Descent via the goûter, I barely caught the last TMB down after a 16h day.
A great day out.
Perfect weather , not too crowded either. Descended the same route.
After leaving my brother Gabriel in Geneve airport, in the way back to Chamonix, I decided to try Mont Blanc in "solo". I called the Gouter Hut to see if there was room and they confirmed there was. I arrived in the "nid d'aigle" at 2h30pm and reached Tete Rousse hut at 4pm and Gouter hut at 6pm on Aug. 20. Then departed for the adventure at 2h30am reaching summit at 6h30am with strong wind, cloudy and bloody cold. I was back in "nid d'aigle" train at 11h30am... A very thrilling experience, some tears in the summit and my 1rst Solo alpine climb.
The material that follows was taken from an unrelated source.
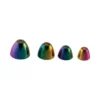 Hareline Rainbow Brass Cones Beads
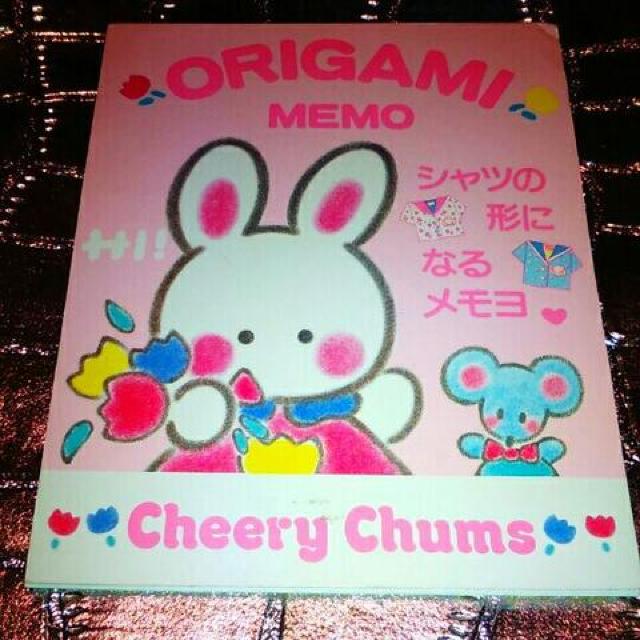 チアリーチャム シャツ 型 おりがみ メモ帳 折り紙 昭和レトロ < おもちゃ  チアリーチャム シャツ 型 おりがみ メモ帳 折り紙 昭和レトロ  < おもちゃの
Take a look to this trip report and let me know your comments
Met Adam and Graham via a SummitPost forum and climbed this mountain just last week. We hiked from the Valley to Eagle's Nest, then to Toute Rousse, then a big push up to the summit and back down to the train. Also joining us was Lord James, of Her Majesty's Royal Army. Awesome trip folks =)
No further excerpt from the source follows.